TASK MATERIAL →
[Start of Attachment]
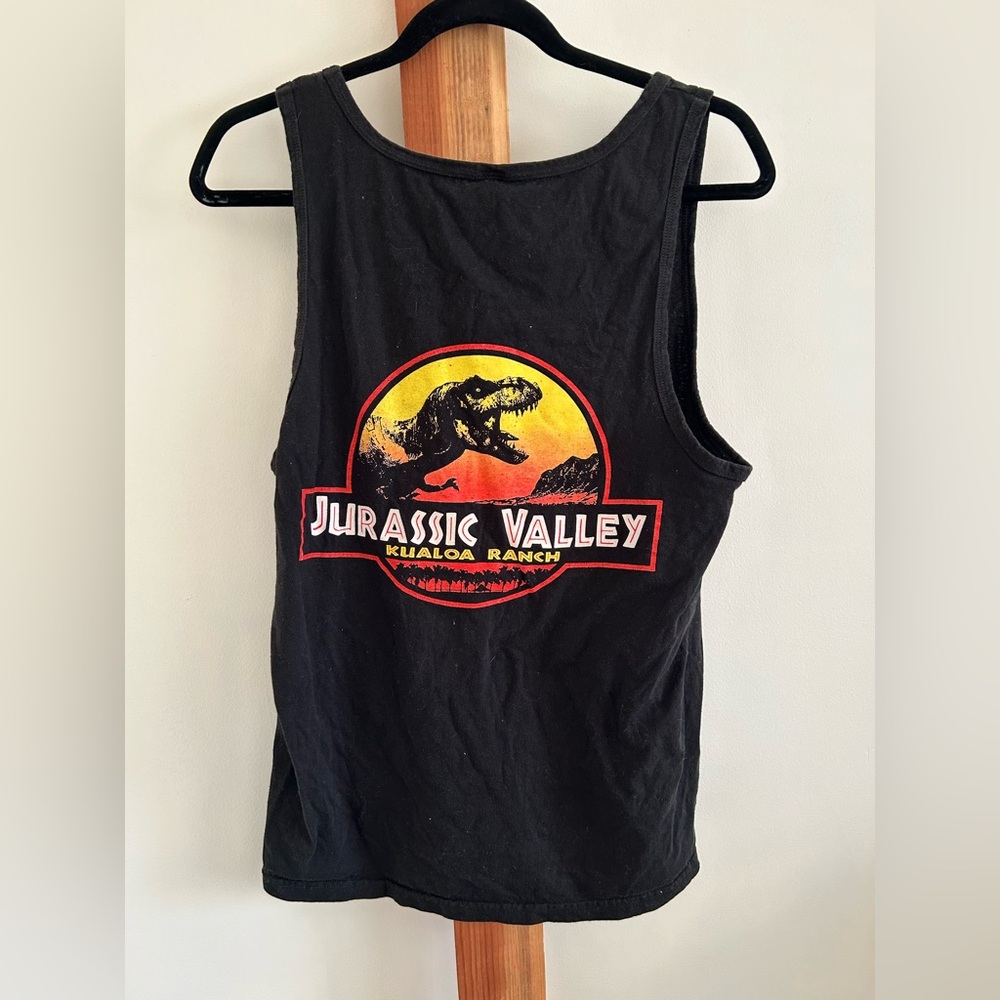 Source Unknown Jurassic Valley Black Graphic Tank… - image 3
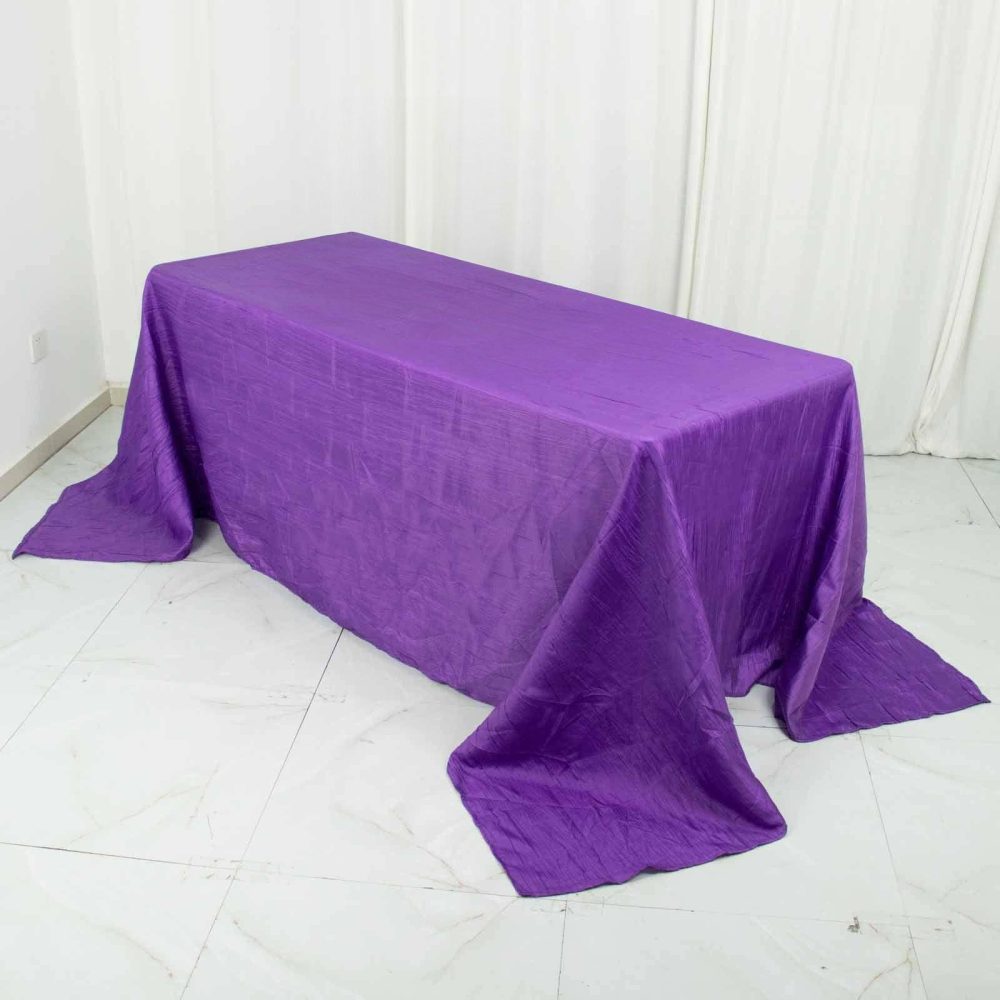 Purple Accordion Crinkle Taffeta Seamless Rectangular Tablecloth 90″x132″ for 6 Foot Table With Floor-Length Drop  |   Pintuck, Crinkle & Leaf Pintuck, Crinkle & Leaf Pintuck, Crinkle & Leaf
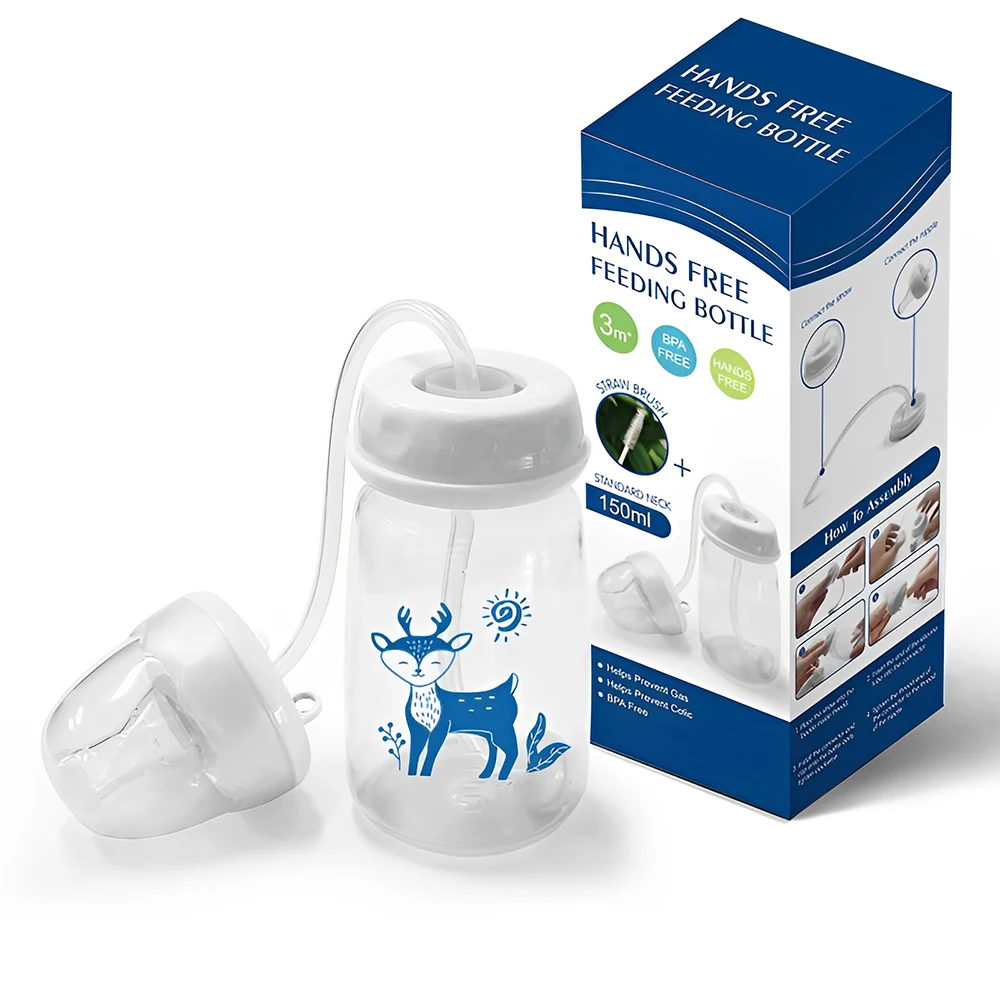 Erduo Plastic Baby Breast Feeding Milk Bottles Drinking Bottle Children with Straw for Water Babies Newborn Set Hands Free milk bottle feeding bottle baby feeding utensils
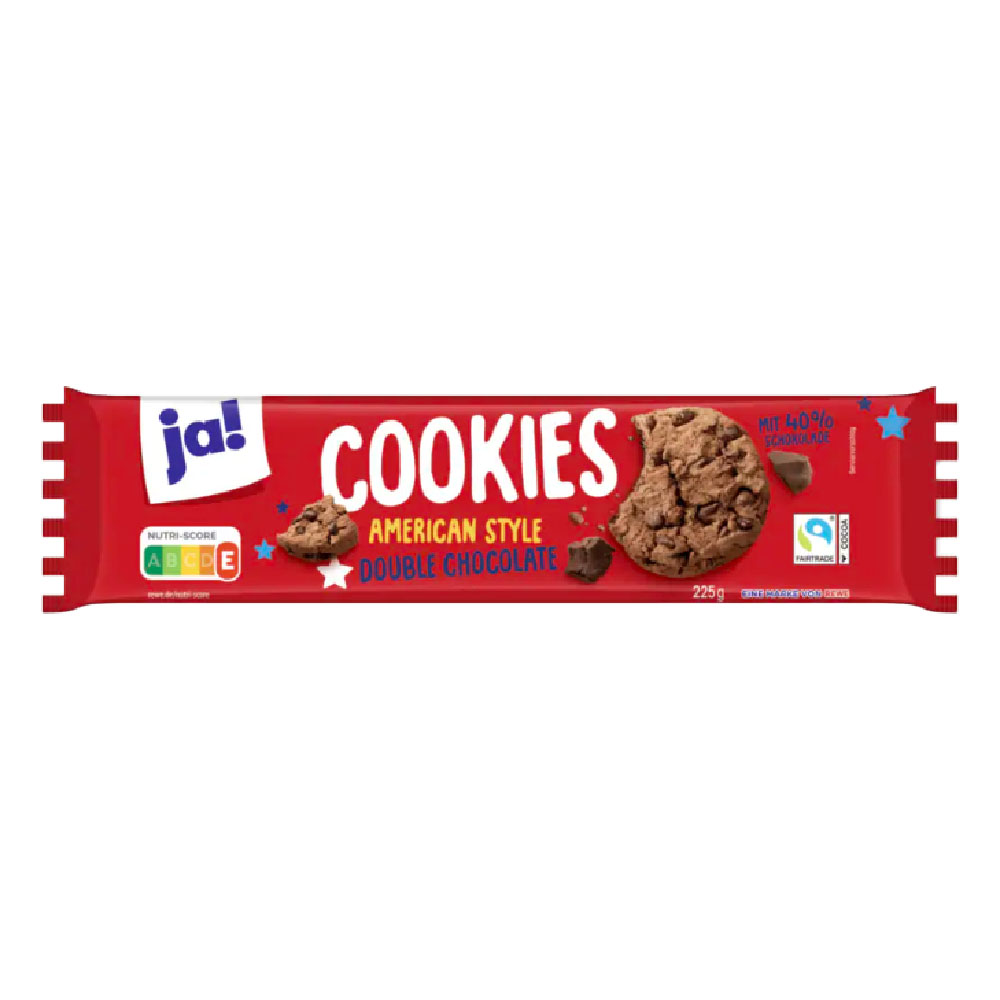 ja! Cookies American Style Double Chocolate 225g MHD:31.7.25
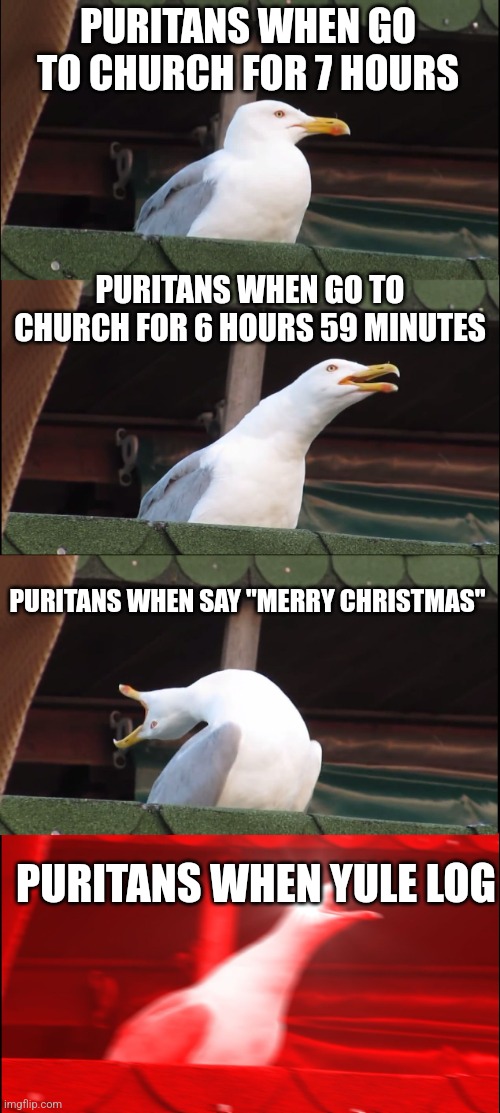 *sigh* and people wonder why I'm atheist | PURITANS WHEN GO TO CHURCH FOR 7 HOURS; PURITANS WHEN GO TO CHURCH FOR 6 HOURS 59 MINUTES; PURITANS WHEN SAY "MERRY CHRISTMAS"; PURITANS WHEN YULE LOG | image tagged in memes,inhaling seagull,why,oh god why | made w/ Imgflip meme maker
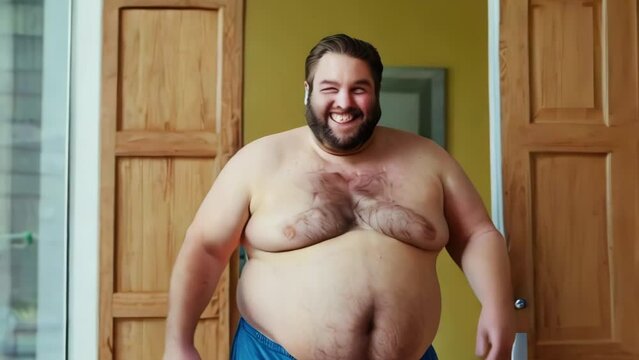 Positive plus size topless middle aged man dancing in  room. Nude body positive overweight man smiling at camera. Optimist in life who accepts himself and body.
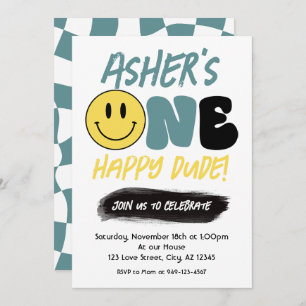 Retro One Happy Dude Happy Face first Birthday Invitation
[End of Attachment]
EXERCISE PROMPT →
Print the listing above in full, exactly as written. Omit any pictures.

EXERCISE ANSWER →
 Source Unknown Jurassic Valley Black Graphic Tank… - image 3
 Purple Accordion Crinkle Taffeta Seamless Rectangular Tablecloth 90″x132″ for 6 Foot Table With Floor-Length Drop  |   Pintuck, Crinkle & Leaf Pintuck, Crinkle & Leaf Pintuck, Crinkle & Leaf
 Erduo Plastic Baby Breast Feeding Milk Bottles Drinking Bottle Children with Straw for Water Babies Newborn Set Hands Free milk bottle feeding bottle baby feeding utensils
 ja! Cookies American Style Double Chocolate 225g MHD:31.7.25
 *sigh* and people wonder why I'm atheist | PURITANS WHEN GO TO CHURCH FOR 7 HOURS; PURITANS WHEN GO TO CHURCH FOR 6 HOURS 59 MINUTES; PURITANS WHEN SAY "MERRY CHRISTMAS"; PURITANS WHEN YULE LOG | image tagged in memes,inhaling seagull,why,oh god why | made w/ Imgflip meme maker
 Positive plus size topless middle aged man dancing in  room. Nude body positive overweight man smiling at camera. Optimist in life who accepts himself and body.
 Retro One Happy Dude Happy Face first Birthday Invitation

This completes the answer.